Steve Gauck, winner of Indiana Farm Bureau’s 2011 discussion meet, competes in the Young Farmers & Ranchers Discussion Meet during the AFBF annual meeting held last January in Hawaii. Photo by Kathleen M. Dutro
—By Tera Fair
Public Relations Intern

To help prepare contestants for state and national discussion meets, the American Farm Bureau Federation will be hosting a series of conference calls starting in August. Each call will be one hour in length and will include a speaker that is an industry expert on one of the five discussion meet questions. There will also be time to get questions answered during the calls.

Those who are interested may join the calls for any or all dates scheduled. Each call will be recorded and available on online after the calls have been completed.


The tentative training call schedule is:

  • Wednesday, Aug. 22, 8 p.m. EDT
  • Wednesday, Sept. 5, 8 p.m. EDT
  • Wednesday, Sept. 19, 8 p.m. EDT
  • Wednesday, Oct. 3, 8 p.m. EDT
  • Wednesday, Oct. 17, 8 p.m. EDT

All calls will use the toll-free number 1-888-537-7715 and the passcode 96519540 #.

To be eligible to compete in the discussion meet, participants must be Farm Bureau members in good standing with their county Farm Bureau and between the ages of 18 and 35. Previous state winners, as well as past and present AFBF Young Farmer committee members, are ineligible to participate. Competitors must be actively involved in agriculture, and county, state and AFBF employees are not eligible.

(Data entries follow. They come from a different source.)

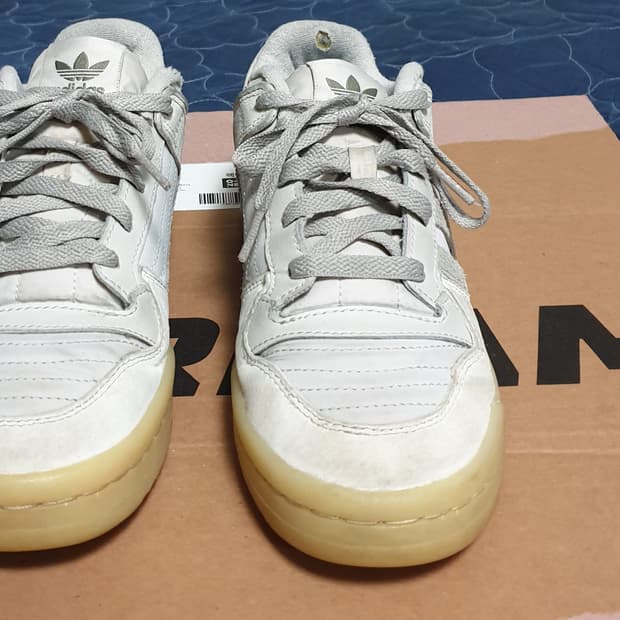 아디다스 포럼 로우 CL 토크 세서미 (240)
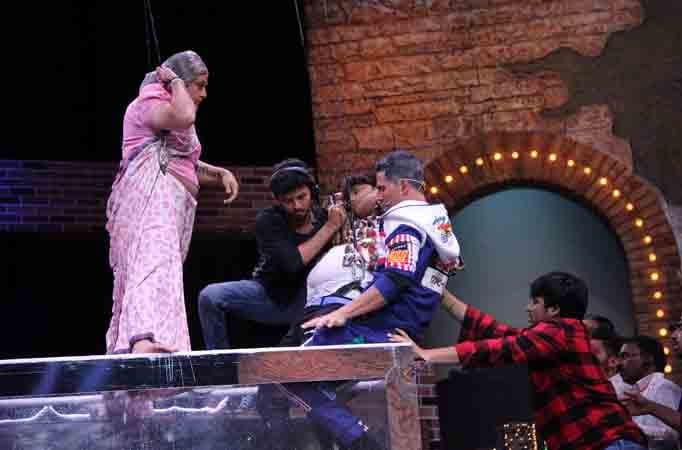 Paritosh Tripathi faints on the sets of Movie-  Masti with Maniesh Paul …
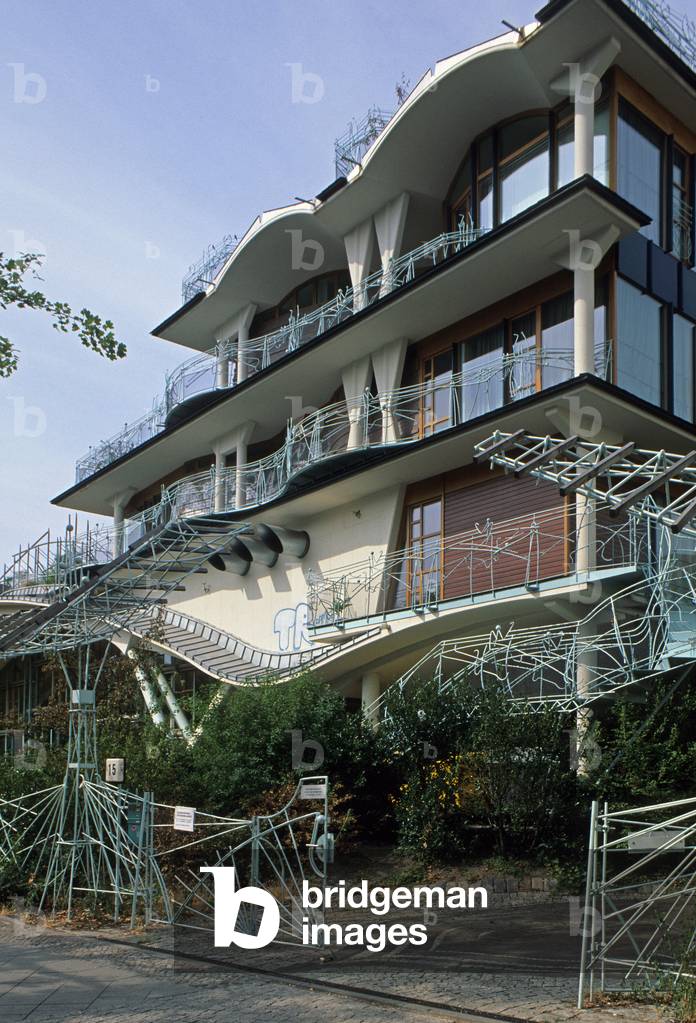 Accommodation in Berlin (Germany). Architects Inken and Hinrich Baller, 1987. Photograph 15/08/03.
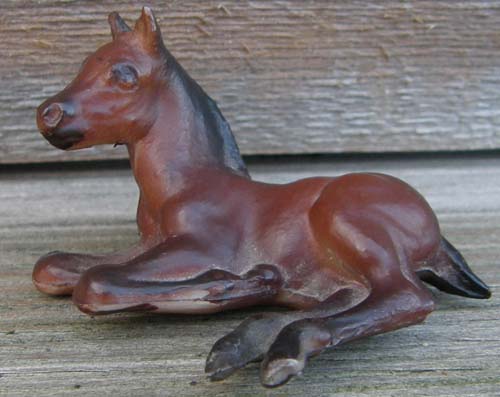 Breyer #3085 Stablemate Thoroughbred Lying Foal SM Bay Lying TB Foal
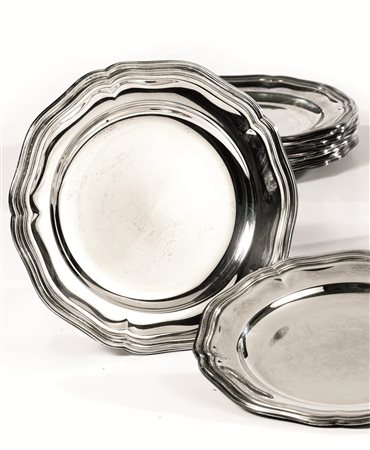 Dodici piattini da pane, in argento, tesa smerlata lavorata a righe, diam. cm...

2012-13 Discussion Meet Questions

  1. Certain sectors of agriculture are labor intensive and rely heavily on immigrant workers. What is a fair and balanced immigration policy?
  2. What can be done to encourage young farmers and ranchers to return home to the farm if it means living in a rural area that does not provide the same amenities (education, health care, technology) as a metropolitan community?
  3. How do we reach out to associate members to provide value to their membership?
  4. How should Farm Bureau help prepare its members – both young and old – for transferring operations to the next generation of farmers and ranchers? What is Farm Bureau's role in encouraging more transfers?
  5. How can Farm Bureau play a role to ensure the viability of quality agricultural education programs within our schools?